いろいろと厨二くさいオリジナル設定とかばんばん飛び出していますが、心ではなく魂で理解したっ!というJ○J○的な勢いで話半分に受け止めていただければ幸いです。
というか、設定とかそんなに活用する気もないです。ああ!すいません!あやまるから物を投げないで!
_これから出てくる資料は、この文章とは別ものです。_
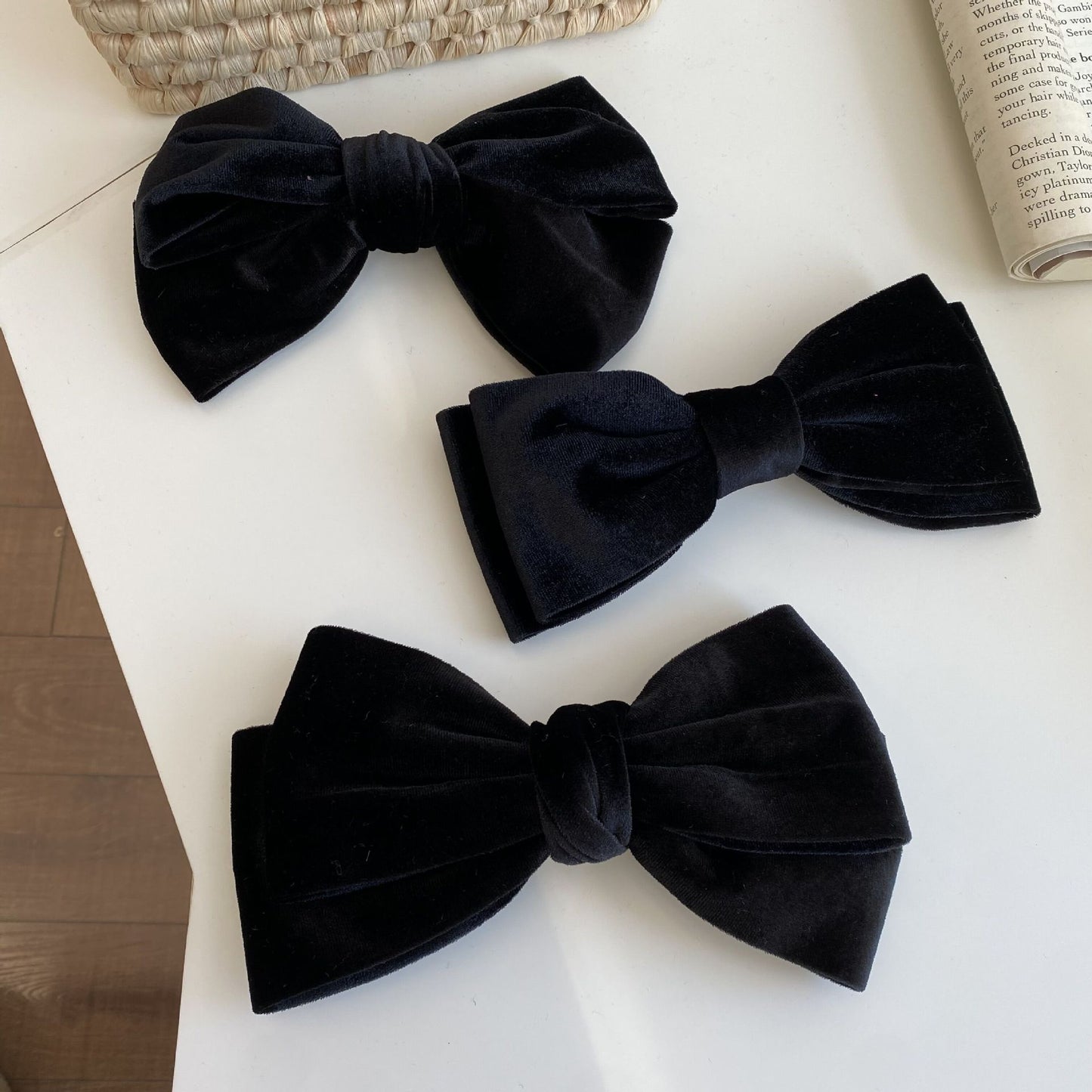 Vintage Black Bow Hair Clips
えー…ここで、いくつか来るんじゃないかなという質問を、セルフで答えましょう(ただの言い訳である)

Q:エロあるの!?

A:予定にはないです。というか、書けません。
もしかしたら、これからの話の流れで書くことにはなるかもしれません。
期待しないで、ズボン穿いて待っていてください。


Q:おい、魔物分少ねえじゃねえか、ふざけんな

A:ごめんなさい。これからもっと増えると思うので、待っててください。


Q:主人公たちの設定はよ

A:ある程度物語が進んだら、詳しい設定とかのページ作ります。
待っててね。


今回は、ジャンプで言うところの連載一回目の巻頭カラー回のようなものです。これからお話がどうなっていくかとか、ちゃんと面白い物語が書けるかはわかりません。
ですが、皆様が決して退屈しないような、そういう作品にするために一生懸命頑張りたいと思います。気長に見守ってください!

では、作者のねこなべでした。また次回。